**PROBLEM**
In the records that follow, find the line with "1pc Universal Car"; from there, retype every line exactly through the line with "Stainless Steel Pot Rack", which also belongs to the answer.

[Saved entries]
★ ★ ★ ★ ★ ★ ★
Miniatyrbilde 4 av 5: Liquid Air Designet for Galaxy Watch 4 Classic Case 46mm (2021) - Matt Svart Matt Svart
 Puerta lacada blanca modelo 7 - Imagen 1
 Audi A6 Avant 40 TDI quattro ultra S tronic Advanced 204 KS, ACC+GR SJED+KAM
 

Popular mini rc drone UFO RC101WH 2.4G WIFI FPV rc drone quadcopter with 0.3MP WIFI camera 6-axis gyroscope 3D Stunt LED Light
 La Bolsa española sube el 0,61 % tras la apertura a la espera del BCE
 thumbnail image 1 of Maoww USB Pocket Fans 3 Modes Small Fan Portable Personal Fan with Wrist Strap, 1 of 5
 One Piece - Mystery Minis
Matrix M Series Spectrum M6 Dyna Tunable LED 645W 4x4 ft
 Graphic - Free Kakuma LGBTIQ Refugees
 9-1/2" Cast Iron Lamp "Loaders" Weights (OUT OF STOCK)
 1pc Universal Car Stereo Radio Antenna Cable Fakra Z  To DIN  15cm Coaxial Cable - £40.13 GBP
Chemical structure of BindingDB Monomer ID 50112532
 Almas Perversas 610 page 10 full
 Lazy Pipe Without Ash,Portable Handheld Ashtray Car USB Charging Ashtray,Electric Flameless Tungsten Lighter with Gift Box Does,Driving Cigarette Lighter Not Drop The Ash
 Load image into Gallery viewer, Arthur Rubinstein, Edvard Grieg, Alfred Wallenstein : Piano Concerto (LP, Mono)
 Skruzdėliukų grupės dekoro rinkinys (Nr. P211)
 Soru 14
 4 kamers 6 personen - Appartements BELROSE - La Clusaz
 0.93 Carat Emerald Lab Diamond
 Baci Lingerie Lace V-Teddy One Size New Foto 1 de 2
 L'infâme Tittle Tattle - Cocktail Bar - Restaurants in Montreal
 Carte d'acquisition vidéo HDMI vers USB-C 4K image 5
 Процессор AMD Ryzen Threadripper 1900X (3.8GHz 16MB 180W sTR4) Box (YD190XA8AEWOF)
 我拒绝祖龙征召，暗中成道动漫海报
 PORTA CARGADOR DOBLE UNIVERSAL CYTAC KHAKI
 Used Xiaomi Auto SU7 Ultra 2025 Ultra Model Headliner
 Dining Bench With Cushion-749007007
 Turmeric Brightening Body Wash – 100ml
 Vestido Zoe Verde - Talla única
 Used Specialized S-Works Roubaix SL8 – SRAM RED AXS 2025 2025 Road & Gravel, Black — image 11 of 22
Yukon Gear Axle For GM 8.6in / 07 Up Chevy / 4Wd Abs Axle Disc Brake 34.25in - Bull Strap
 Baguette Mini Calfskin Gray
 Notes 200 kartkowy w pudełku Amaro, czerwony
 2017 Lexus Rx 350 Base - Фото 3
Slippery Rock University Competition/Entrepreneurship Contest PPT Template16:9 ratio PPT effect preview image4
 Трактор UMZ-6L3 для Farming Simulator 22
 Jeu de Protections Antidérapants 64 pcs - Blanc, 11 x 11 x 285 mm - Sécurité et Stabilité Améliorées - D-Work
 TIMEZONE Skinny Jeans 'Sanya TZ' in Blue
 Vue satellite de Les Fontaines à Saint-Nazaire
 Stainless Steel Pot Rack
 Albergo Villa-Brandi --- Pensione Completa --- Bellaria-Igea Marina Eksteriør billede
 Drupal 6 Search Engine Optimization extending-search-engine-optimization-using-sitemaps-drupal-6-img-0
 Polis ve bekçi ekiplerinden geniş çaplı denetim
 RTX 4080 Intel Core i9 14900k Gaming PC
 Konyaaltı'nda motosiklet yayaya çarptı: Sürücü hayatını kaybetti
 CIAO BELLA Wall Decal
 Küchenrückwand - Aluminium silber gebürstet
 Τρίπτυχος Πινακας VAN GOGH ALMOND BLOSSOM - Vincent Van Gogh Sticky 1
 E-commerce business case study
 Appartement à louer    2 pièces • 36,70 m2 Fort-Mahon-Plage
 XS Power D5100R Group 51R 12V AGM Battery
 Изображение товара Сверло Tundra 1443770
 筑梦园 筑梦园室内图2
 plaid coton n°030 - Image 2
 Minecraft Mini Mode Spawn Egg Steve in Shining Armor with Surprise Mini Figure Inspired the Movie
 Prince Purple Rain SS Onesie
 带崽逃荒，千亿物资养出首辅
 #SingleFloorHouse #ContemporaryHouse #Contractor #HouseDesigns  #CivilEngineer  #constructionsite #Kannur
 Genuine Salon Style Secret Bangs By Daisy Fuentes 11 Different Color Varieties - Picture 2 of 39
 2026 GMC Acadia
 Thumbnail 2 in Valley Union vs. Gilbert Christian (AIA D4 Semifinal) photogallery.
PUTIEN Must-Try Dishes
★ ★ ★ ★ ★ ★ ★
**ANSWER BOX**
 1pc Universal Car Stereo Radio Antenna Cable Fakra Z  To DIN  15cm Coaxial Cable - £40.13 GBP
Chemical structure of BindingDB Monomer ID 50112532
 Almas Perversas 610 page 10 full
 Lazy Pipe Without Ash,Portable Handheld Ashtray Car USB Charging Ashtray,Electric Flameless Tungsten Lighter with Gift Box Does,Driving Cigarette Lighter Not Drop The Ash
 Load image into Gallery viewer, Arthur Rubinstein, Edvard Grieg, Alfred Wallenstein : Piano Concerto (LP, Mono)
 Skruzdėliukų grupės dekoro rinkinys (Nr. P211)
 Soru 14
 4 kamers 6 personen - Appartements BELROSE - La Clusaz
 0.93 Carat Emerald Lab Diamond
 Baci Lingerie Lace V-Teddy One Size New Foto 1 de 2
 L'infâme Tittle Tattle - Cocktail Bar - Restaurants in Montreal
 Carte d'acquisition vidéo HDMI vers USB-C 4K image 5
 Процессор AMD Ryzen Threadripper 1900X (3.8GHz 16MB 180W sTR4) Box (YD190XA8AEWOF)
 我拒绝祖龙征召，暗中成道动漫海报
 PORTA CARGADOR DOBLE UNIVERSAL CYTAC KHAKI
 Used Xiaomi Auto SU7 Ultra 2025 Ultra Model Headliner
 Dining Bench With Cushion-749007007
 Turmeric Brightening Body Wash – 100ml
 Vestido Zoe Verde - Talla única
 Used Specialized S-Works Roubaix SL8 – SRAM RED AXS 2025 2025 Road & Gravel, Black — image 11 of 22
Yukon Gear Axle For GM 8.6in / 07 Up Chevy / 4Wd Abs Axle Disc Brake 34.25in - Bull Strap
 Baguette Mini Calfskin Gray
 Notes 200 kartkowy w pudełku Amaro, czerwony
 2017 Lexus Rx 350 Base - Фото 3
Slippery Rock University Competition/Entrepreneurship Contest PPT Template16:9 ratio PPT effect preview image4
 Трактор UMZ-6L3 для Farming Simulator 22
 Jeu de Protections Antidérapants 64 pcs - Blanc, 11 x 11 x 285 mm - Sécurité et Stabilité Améliorées - D-Work
 TIMEZONE Skinny Jeans 'Sanya TZ' in Blue
 Vue satellite de Les Fontaines à Saint-Nazaire
 Stainless Steel Pot Rack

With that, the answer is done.